Crise du logement à Porto Rico

Crise du logement à Porto Rico
La crise du logement à Porto Rico s’aggrave avec l’augmentation des catastrophes naturelles telles que les ouragans et les tremblements de terre qui ont détruit des logements autour de l’île. Selon le United States Interagency Council on homelessness, 2 451 Portoricains ont été confrontés au sans-abrisme sur l’île depuis janvier 2021. Le ministère américain de l’Éducation a signalé qu’environ 4 717 étudiants ont rencontré un sans-abrisme chronique au cours de l’année universitaire 2018-19, avec 439 étudiants complètement sans abri. Le marché du logement portoricain est confronté à une crise prolongée depuis la crise économique de 2006 qui a déprécié les valeurs sur le marché ; l’île a perdu environ 45 880 ménages en raison de l’augmentation de la migration vers le continent. La crise du logement à Porto Rico a entraîné une augmentation des saisies bancaires, laissant 45% à 55% des maisons abandonnées selon l’American Bar Association.

L’ouragan

L’ouragan Maria a frappé l’île le 2 octobre 2017, causant des dommages importants à environ 250 000 maisons, dont 70 000 maisons complètement détruites. Le gouverneur évincé Ricardo Rossello a déclaré que Porto Rico allouerait environ 31 milliards de dollars de fonds pour récupérer la plupart des propriétés.

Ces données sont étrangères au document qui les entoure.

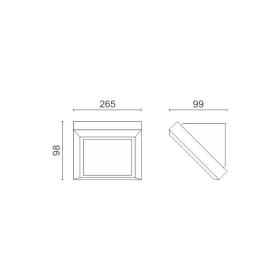 ΑΠΛΙΚΑ LED ΕΞΩΤΕΡΙΚΟΥ ΧΩΡΟΥ 12W CCT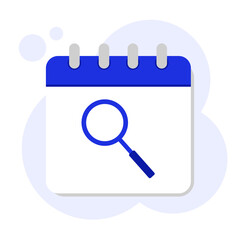 Vector calendar icon. Flat isolated vector illustration. Red decline, postpone canceled meetings or plans
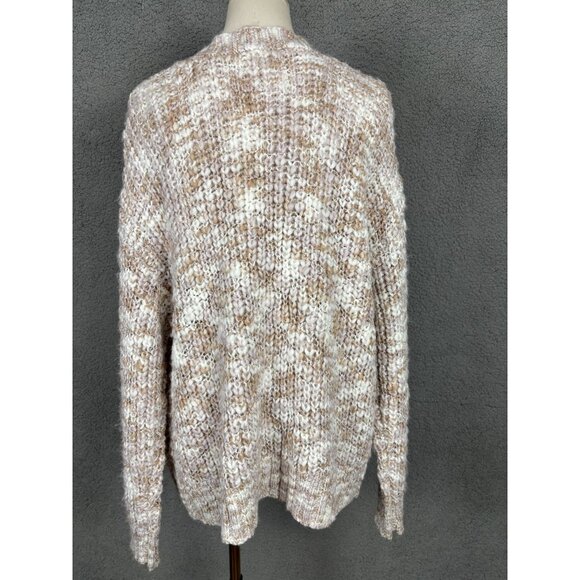 Hippie Rose Juniors' Open-Front Beige Long-Sleeve Oversize Cardigan Large NWT's - Picture 7 of 8
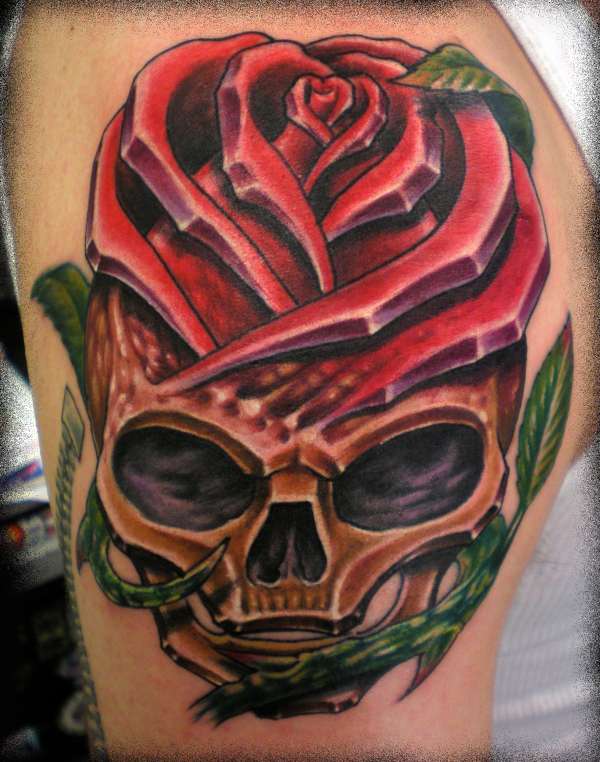 From death comes life by Beto MUnoz Of Monkeyproink.com tattoo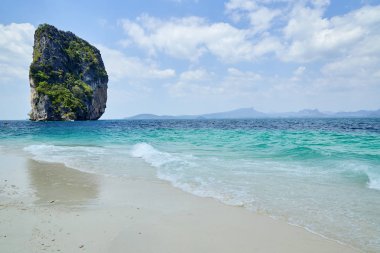 Koh NOK, Pranang mağara Plajı, Rai Leh (Railay), Andaman Sahili, Krabi Eyaleti, Tayland, Güneydoğu Asya, Asya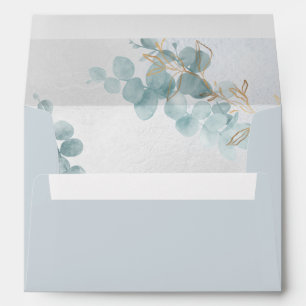 H2 Blue Gum Eucalyptus Return Address DIY Colour   Envelope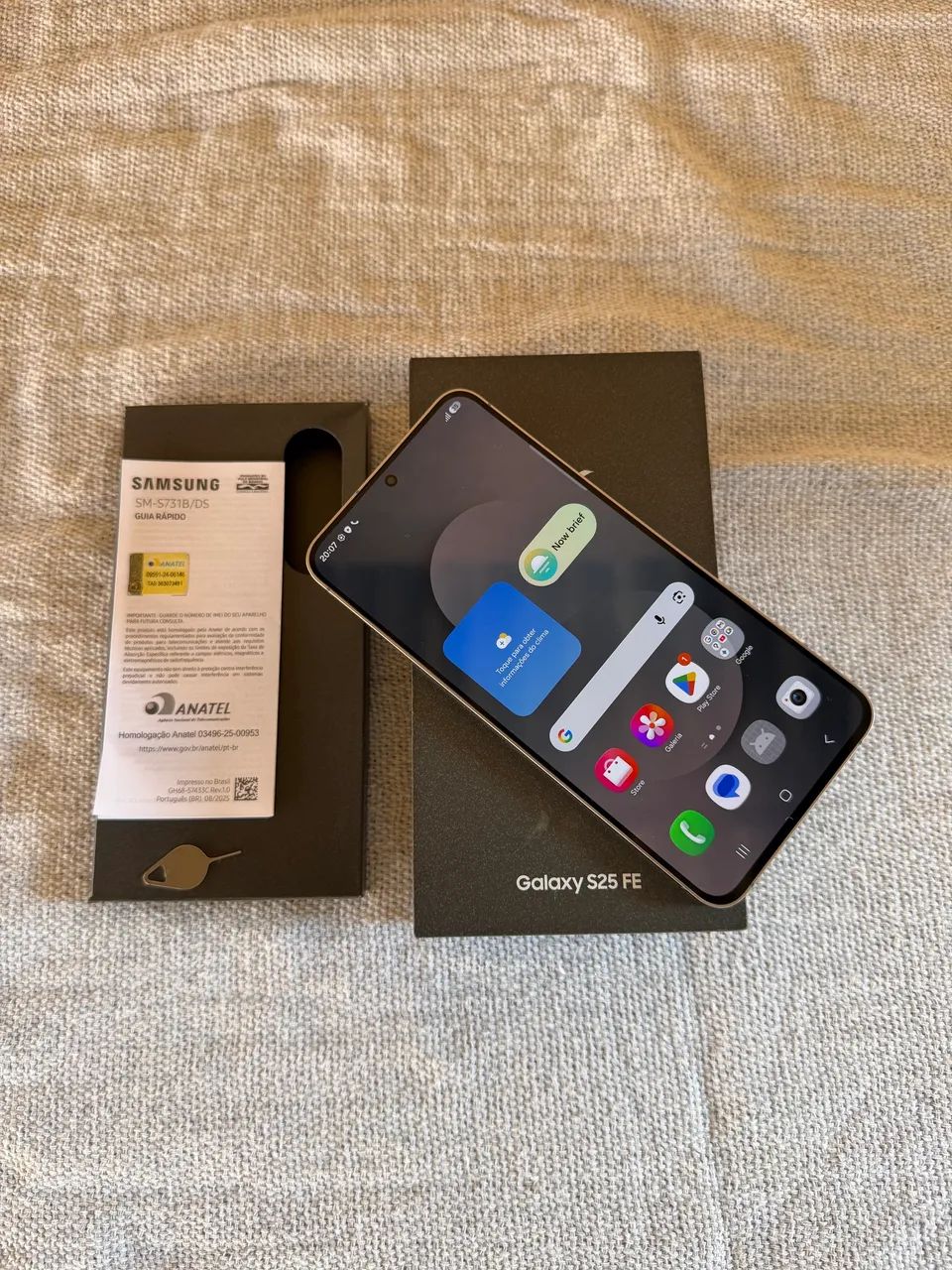 S25 FE 128GB três meses de uso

Bon nombre des propriétés détruites par l’ouragan étaient des bâtiments érigés illégalement qui enfreignent les codes du bâtiment du côté de l’océan, car certaines de ces maisons sont situées dans des zones inondables et des coteaux instables, ce qui les empêche d’être reconstruites. L’Agence fédérale de gestion des urgences alloue des fonds pour reconstruire des maisons autour de l’île. En raison de l’invasion des terres publiques et privées, ils ne peuvent pas payer pour la construction de maisons.

Cinq ans plus tard

Cinq ans après que l’ouragan Maria a frappé l’île, la crise du logement à Porto Rico s’est à peine améliorée alors que les citoyens sont actuellement confrontés à l’expulsion de leurs terres par des investisseurs étrangers. Une augmentation du nombre d’acheteurs d’Amérique continentale a fait monter en flèche le coût du logement autour de l’île pour devenir un logement inabordable. Les allégements fiscaux autour de l’île ont attiré des investisseurs, ce qui a entraîné le déplacement de nombreux citoyens autour de l’île.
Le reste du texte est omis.